The company said on Thursday that it now plans to cut 11,000 jobs, higher than the 9,000 jobs it had planned to cut in January.
Schlumberger, which provides drilling technology and equipment to oil and gas companies, said first-quarter revenue fell 19 percent from the fourth quarter, blaming lower drilling activity and pricing, especially in North America.
"We believe that a recovery in US land drilling activity will be pushed out in time, as the inventory of uncompleted wells builds and as the re-fracturing market expands," Chief Executive Paal Kibsgaard said in a statement on Thursday.

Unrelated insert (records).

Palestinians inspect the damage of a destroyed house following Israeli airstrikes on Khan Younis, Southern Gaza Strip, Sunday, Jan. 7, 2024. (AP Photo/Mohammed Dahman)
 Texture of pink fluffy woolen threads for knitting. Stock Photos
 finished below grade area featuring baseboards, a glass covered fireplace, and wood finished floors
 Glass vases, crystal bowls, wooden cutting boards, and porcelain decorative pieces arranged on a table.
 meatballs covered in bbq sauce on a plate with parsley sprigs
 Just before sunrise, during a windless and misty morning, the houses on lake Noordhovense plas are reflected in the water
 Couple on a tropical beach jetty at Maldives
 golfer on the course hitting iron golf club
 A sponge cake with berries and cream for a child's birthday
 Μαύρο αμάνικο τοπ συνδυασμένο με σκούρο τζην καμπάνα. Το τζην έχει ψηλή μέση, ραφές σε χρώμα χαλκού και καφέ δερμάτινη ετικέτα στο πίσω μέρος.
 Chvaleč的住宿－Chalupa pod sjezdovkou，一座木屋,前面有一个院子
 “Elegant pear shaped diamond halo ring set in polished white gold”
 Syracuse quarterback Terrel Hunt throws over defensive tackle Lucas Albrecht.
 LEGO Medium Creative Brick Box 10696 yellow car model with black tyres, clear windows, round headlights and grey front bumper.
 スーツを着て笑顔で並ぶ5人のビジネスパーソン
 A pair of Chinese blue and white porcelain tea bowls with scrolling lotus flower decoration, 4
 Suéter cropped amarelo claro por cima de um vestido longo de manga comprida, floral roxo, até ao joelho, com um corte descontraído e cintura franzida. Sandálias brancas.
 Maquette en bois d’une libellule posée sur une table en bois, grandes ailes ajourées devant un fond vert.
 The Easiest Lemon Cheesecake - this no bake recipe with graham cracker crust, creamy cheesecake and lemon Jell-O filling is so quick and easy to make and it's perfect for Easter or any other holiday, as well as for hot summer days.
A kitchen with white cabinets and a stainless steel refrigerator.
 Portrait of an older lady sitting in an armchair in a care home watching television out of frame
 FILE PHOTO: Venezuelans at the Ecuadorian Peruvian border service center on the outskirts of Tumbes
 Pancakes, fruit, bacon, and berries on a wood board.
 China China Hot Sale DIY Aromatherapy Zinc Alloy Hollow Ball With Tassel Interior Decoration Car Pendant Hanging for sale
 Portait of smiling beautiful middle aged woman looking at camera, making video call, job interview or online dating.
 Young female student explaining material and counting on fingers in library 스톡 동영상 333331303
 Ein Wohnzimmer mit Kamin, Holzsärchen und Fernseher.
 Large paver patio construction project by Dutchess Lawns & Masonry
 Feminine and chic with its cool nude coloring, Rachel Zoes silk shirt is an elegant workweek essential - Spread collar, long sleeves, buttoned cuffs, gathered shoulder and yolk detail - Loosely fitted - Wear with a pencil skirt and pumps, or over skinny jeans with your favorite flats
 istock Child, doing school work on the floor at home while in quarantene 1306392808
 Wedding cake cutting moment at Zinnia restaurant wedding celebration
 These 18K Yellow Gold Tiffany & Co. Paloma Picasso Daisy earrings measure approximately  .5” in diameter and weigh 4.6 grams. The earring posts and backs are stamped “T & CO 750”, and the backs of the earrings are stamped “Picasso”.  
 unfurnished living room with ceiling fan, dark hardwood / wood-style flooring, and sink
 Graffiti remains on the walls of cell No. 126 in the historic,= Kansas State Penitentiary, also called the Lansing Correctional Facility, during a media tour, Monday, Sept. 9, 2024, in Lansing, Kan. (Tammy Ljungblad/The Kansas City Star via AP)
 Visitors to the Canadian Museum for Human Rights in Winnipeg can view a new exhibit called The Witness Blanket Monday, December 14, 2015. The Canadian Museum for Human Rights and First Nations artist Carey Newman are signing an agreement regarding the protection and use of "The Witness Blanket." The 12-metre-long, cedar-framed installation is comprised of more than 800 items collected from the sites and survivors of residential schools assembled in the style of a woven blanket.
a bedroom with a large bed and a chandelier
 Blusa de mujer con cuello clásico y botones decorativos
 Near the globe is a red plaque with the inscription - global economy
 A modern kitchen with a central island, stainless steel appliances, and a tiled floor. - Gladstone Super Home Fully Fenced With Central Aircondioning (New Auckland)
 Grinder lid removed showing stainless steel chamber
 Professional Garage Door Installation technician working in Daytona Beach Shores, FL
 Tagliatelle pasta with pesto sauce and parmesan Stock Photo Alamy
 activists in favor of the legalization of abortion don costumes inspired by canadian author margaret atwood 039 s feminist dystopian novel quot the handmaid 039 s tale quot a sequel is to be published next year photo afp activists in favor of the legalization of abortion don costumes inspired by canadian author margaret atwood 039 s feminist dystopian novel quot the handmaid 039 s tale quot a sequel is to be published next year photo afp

"We also anticipate that a recovery in activity will fall well short of reaching previous levels, hence extending the period of pricing weakness."
Schlumberger's customers have slashed capital budgets for 2015 and reduced drilling activity to adjust with the decline in global crude prices, forcing the company and its peers, Baker Hughes and Halliburton, to cut thousands of jobs last quarter.
Schlumberger said revenue fell nearly 9 percent to $10.25 billion in the first quarter ended March 31.
Revenue from its international business, which accounts for two-third of total revenue, fell 8 percent.
Net income attributable to Schlumberger fell to $975 million, or 76 cents per share, from $1.59 billion, or $1.21 per share, a year earlier.